Roger Caillois, Aveu du nocturne & Trois leçons des ténèbres

Tendre est la nuit ou tout doit disparaître

Le dis­cours sur l’ineffable resta chez Caillois aussi cen­tral que celui qu’il pro­posa sur la matière (les pierres entre autres). Face au ratio­na­lisme et ses caté­go­ries her­mé­neu­tiques, il mobi­lise une vision sinon noc­turne du moins proche de l’obscurité en rap­pe­lant que l’être humain semble pré­his­to­rique tant sa peur de la nuit demeure.  D’ailleurs,  toute l’histoire des arts et des lit­té­ra­tures en a fait un ter­ri­toire à explo­rer, un ter­ri­toire en per­pé­tuel cours d’exploration.
Chez Caillois, la clarté lin­guis­tique crée l’interaction entre l’intellectualisation et la sen­sa­tion la plus pro­fonde. En ce sens, elle trans­cende l’herméneutique, qui se révèle impuis­sante à sai­sir la matière du vivant. La contes­ter ne revient cepen­dant pas à s’en défaire mais à l’approfondir en pra­tique par l’expérience humaine la plus pri­mi­tive et sourde.

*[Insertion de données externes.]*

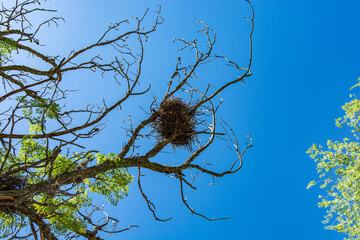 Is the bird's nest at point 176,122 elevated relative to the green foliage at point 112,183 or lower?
elevated

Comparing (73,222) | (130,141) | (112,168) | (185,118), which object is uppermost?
(185,118)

Renon­cer à la mys­ti­fi­ca­tion de l’interprétation trop savante implique néan­moins un cer­tain contrôle. Lut­ter contre ce que Spi­noza nomme « les absurdes éso­té­rismes » impose en effet un regard atten­tif sur le pré­tendu pou­voir inef­fable de la parole comme sur les opé­ra­tions cachées du « génie » lit­té­raire.
Certes, Caillois par­fois se laisse prendre à cette ten­dance mais sa capa­cité de retour au réel lui accorde une résis­tance à l’interprétation huma­niste dont il reste l’héritier rebelle — sa fré­quen­ta­tion du Sur­réa­lisme lui fut pro­fi­table sur ce plan. Il pro­pose en ce sens une vision plus sombre de l’essence humaine. Elle ne s’appréhende pas au nom de la rai­son sans pour autant affi­cher une cer­ti­tude en ce qui la déborde.

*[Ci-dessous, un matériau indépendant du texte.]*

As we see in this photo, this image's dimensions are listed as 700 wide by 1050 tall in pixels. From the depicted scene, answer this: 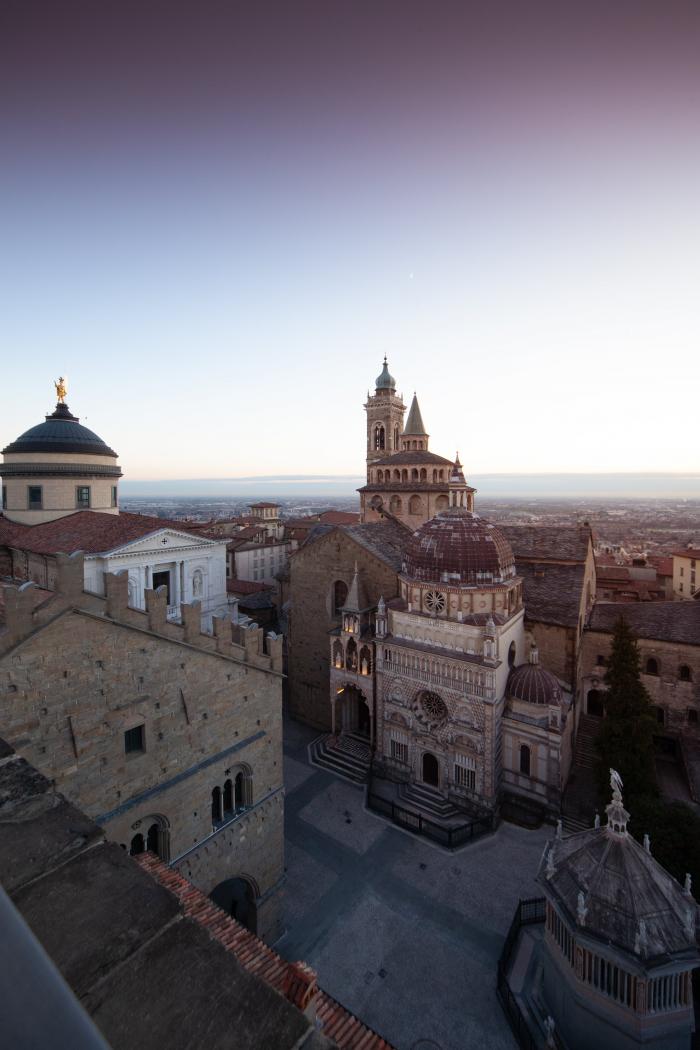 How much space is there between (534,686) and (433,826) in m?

Son texte demeure une saine agres­sion contre l’absolue cohé­rence de la clarté du cogito dont l’arrivée de la nuit, en sa force cen­tri­fuge,  aura « rai­son ». Caillois reste ici à la jonc­tion de l’« archaïque » et du pré­sent gno­mique. Celui-ci est tout autant défini par son ave­nir que par son passé et par un acte d’évaluation com­pa­ra­tive entre le jour et la nuit.
Le cré­pus­cule devient l’aube d’une luci­dité entre absorp­tion et explo­ra­tion, ce sont ces forces qui motivent à la fois la résis­tance et la fas­ci­na­tion à l’égard de la nuit.

jean-paul gavard-perret

Roger Caillois,  Edi­tions Fata Mor­gana , Fon­tr­froide le Haut, 2018,

- Aveu du noc­turne, Texte éta­bli et pré­senté par Sté­phane Mas­son­net. Des­sins de Natha­lie Bour­dreux,  12 p. — 18,00 €.
Trois leçons des ténèbres, illus­tra­tions de Pierre Albuis­son, 56 p. - 11,00 €.